"Namwali Serpell’s second novel declares its intentions from the start: “I don’t want to tell you what happened. I want to tell you how it felt.” This refrain guides us through a dizzying narrative of loss, trauma, and the inexorable pull of grief. Cassandra “Cee” Williams is only 12 when her brother Wayne disappears, and though his body is never recovered, his presence consumes her life. Time pushes her forward, but the memories of that awful day reel her backwards, keeping her trapped in an ocean of regret and pain. Complicating her grief is the force of her mother’s denial, so powerful that it sows doubts in Cee herself. When a stranger bearing Wayne’s name and likeness enters her life, Cee is forced to consider the possibility that maybe, somehow, her mother is right. Against the backdrop of a deteriorating family and an uncertain way forward, Serpell constructs a painful yet poignant story about fractured pasts and hopeful futures; and, most importantly, the spaces in between."
How do you grieve an absence? From the award-winning author of The Old Drift, “a piercing, sharply written novel about the conjuring power of loss” (Raven Leilani, author of Luster).
I don’t want to tell you what happened. I want to tell you how it felt.
Cassandra Williams is twelve; her little brother, Wayne, is seven. One day, when they’re alone together, there is an accident and Wayne is lost forever. His body is never recovered. The missing boy cleaves the family with doubt. Their father leaves, starts another family elsewhere. But their mother can’t give up hope and launches an organization dedicated to missing children.
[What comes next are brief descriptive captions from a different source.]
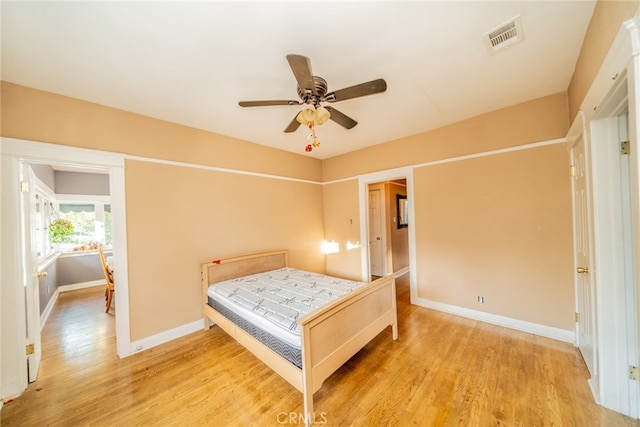 bedroom with hardwood / wood-style floors and ceiling fan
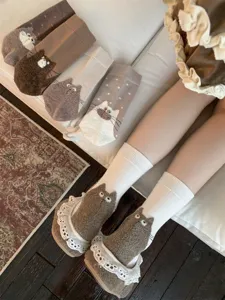 Cute plush cat design women's mid-tube cotton socks with fluffy cartoon tail illustrations.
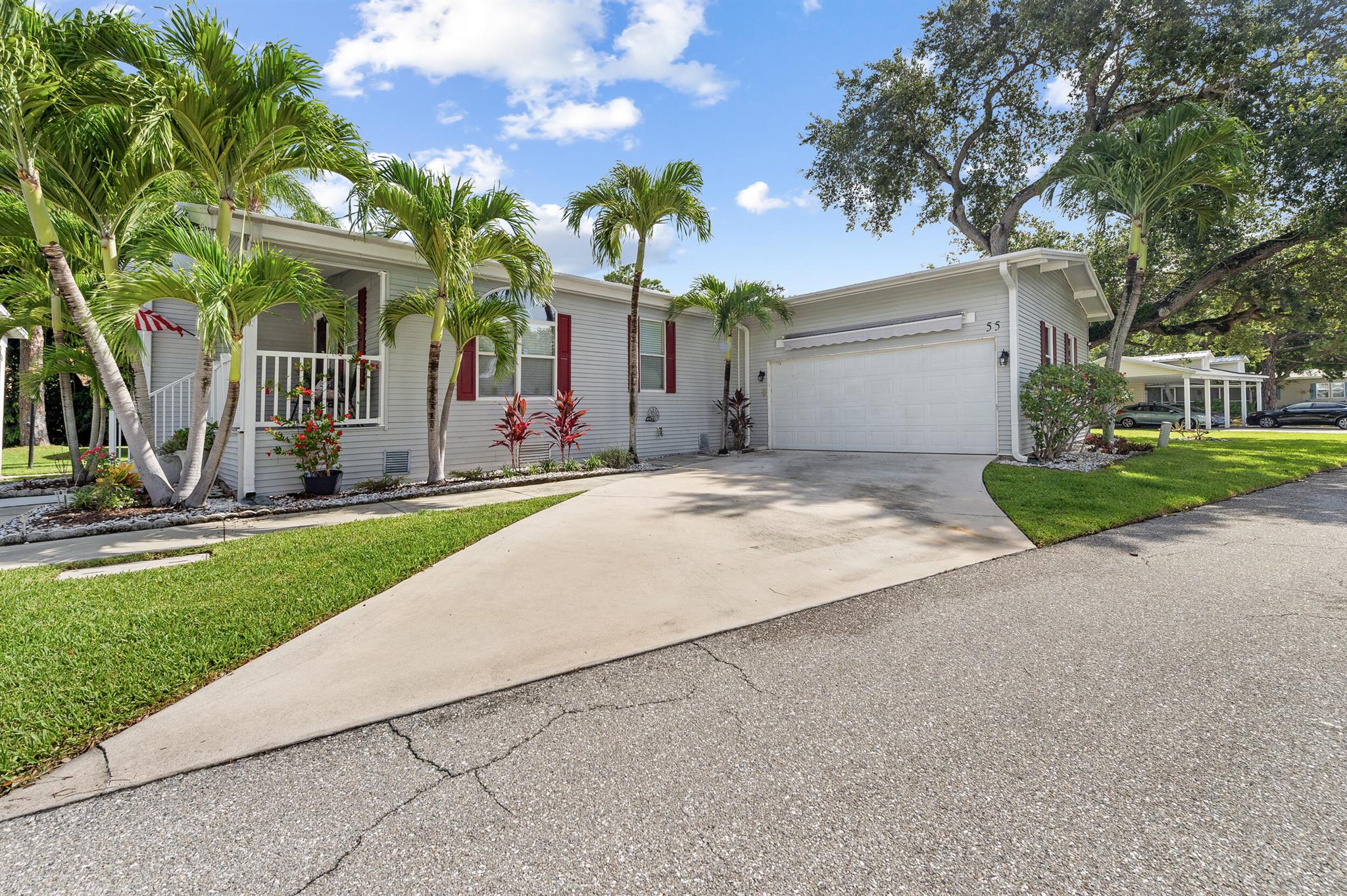 Located in the desirable Meadows community at the heart of Palm Beach Gardens, this outstanding property offers a spacious garage and an open-concept floor plan. The residence features three bedrooms and two full bathrooms, with a kitchen thoughtfully designed for entertainment. Recent improvements to this property include a new roof installed in 2021 with warranty coverage, an air conditioning unit added to the garage in 2023, and a new home AC system installed in 2019. The primary bathroom features double sinks and a walk-in shower with dual seating. Additional amenities comprise an interior laundry room and a full suite of appliances, including a dishwasher (2019), microwave (2019), refrigerator (2020), dryer (2019), hot water heater (2021), and garbage disposal (2019).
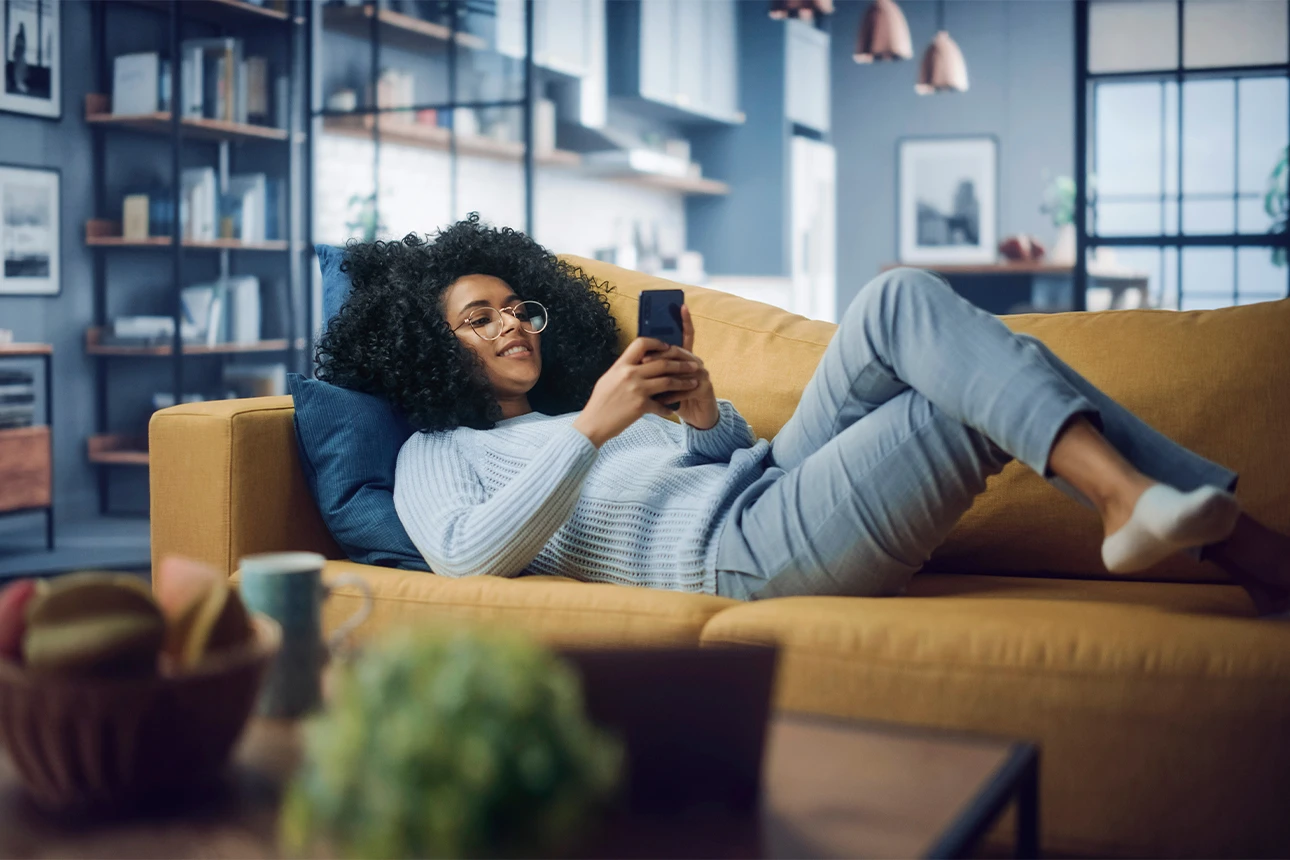 Junge Frau liegend auf Couch mit Handy in der Hand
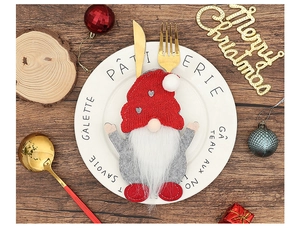 Detail of a gnome-style Christmas cutlery holder with red knit hat on a white dinner plate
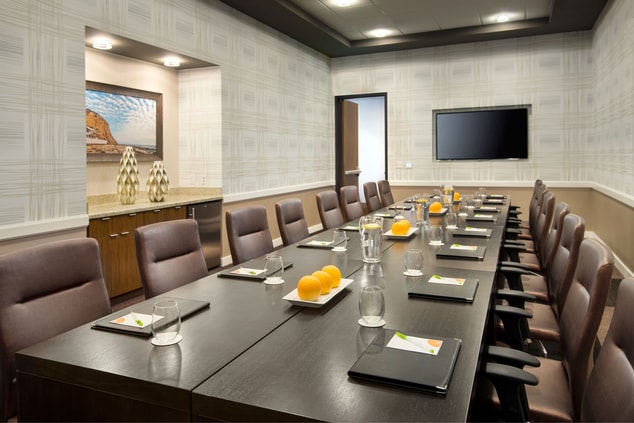 long table, desk chairs, meeting space, television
As C grows older, she sees her brother everywhere: in bistros, airplane aisles, subway cars. Here is her brother’s face, the light in his eyes, the way he seems to recognize her, too. But it can’t be, of course. Or can it? Then one day, in another accident, C meets a man both mysterious and familiar, a man who is also searching for someone and for his own place in the world. His name is Wayne.
Namwali Serpell’s remarkable new novel captures the uncanny experience of grief, the way the past breaks over the present like waves in the sea. The Furrows is a bold exploration of memory and mourning that twists unexpectedly into a story of mistaken identity, double consciousness, and the wishful—and sometimes willful—longing for reunion with those we’ve lost.